One note about titanium: The numbers it's always compared against as a 'super metal' are for
mild steel. In terms of blades, titanium just can't get hard enough to hold a proper edge. Also, being half as dense as steel, you have to make a blade twice as wide to even approach the same cutting performance...
Oh, and titanium's 'strength' when refering to submarine hulls or airplain parts, it
by weight; steel is just as tough by
volume.
Now for a short dissertation on blades and cutting...
The thinner a blade is (looking edge-on), the better it cuts, because it doesn't have to displace as much flesh/whatever when it impacts, meaning that it can cut deeper. Now, this is balanced by the fact that a sword's cutting ability is heavily dependent on the momentum (combination of speed and mass) that it has when it hits, in that it cuts by shearing material apart on the axis of the cutting edge, like how the prow of a boat goes through water. The faster the blade is going, the better a job it does of shearing, and the more mass it has, the longer it maintains that speed after impact, while cutting into the target.
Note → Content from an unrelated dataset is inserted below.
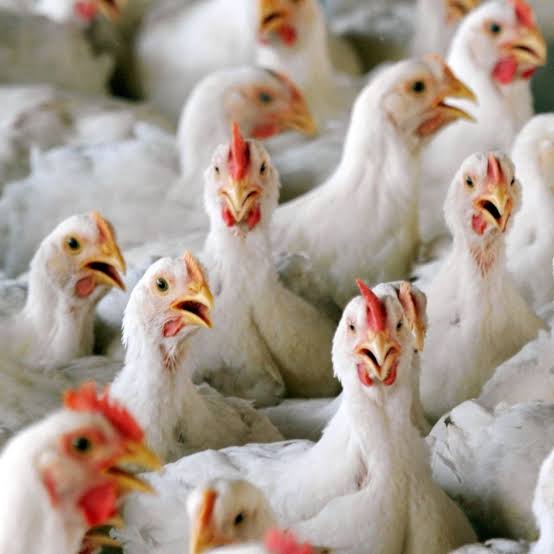 Birdflu reaches Mumbai CM Uddhav Thackray to hold  Emergency Meeting to discuss Birdflu surge in Maharashtra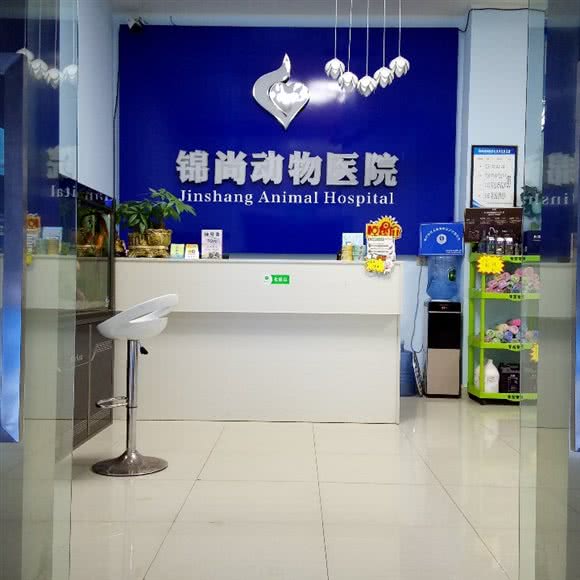锦尚动物医院:重庆城区南岸区弹子石附近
So, that's why you want cutting blades (other than the katana, which I'll explain in a bit) to be as thin as possible in relation to their mass. This means that you want a sword that's a balance of mass (for momentum), thinness/edge geometry (for shearing capability), lightness (so you can actually get it up to speed), and balance (so you can move it where you want it).
Therefore, a titanium sword, to cut as well as a steel sword, would have to be twice as wide at the same thickness, but it would only have half the typical rockwell hardness of a steel sword...at the low end of the historical range (pure titanium: average of about 24 HRC; most medieval cutting swords: 48+ HRC at the cutting edge)...so, it would cut fairly well the first couple of times, but it would quickly become dull. Not good for a sword.
Now for the bit about katanas (yes, I know in Japanese, the correct plural of katana is
katana, but here in America, we speak American!

)
Ok, so I implied that the best cutting blades end up being very wide and thin, whereas katanas are thick and narrow. The difference is in the actual shape of the edge. You see, a european sword has the main bevels of the blade (the parts that angle towards the edge), then it has the edge-bevels (the actual sharp part), which come together to a much more obtuse angle than the blade would if you extended the main bevels until they met. Well, that obtuse angle is the part that does all of the cutting, and it's definately sharp enough to cut...so, imagine what would happen if the
whole blade was at something like that angle? It would cut very well, because of the added momentum from the added mass.
*** *** *** ***
Ok, now, back to the point of the thread...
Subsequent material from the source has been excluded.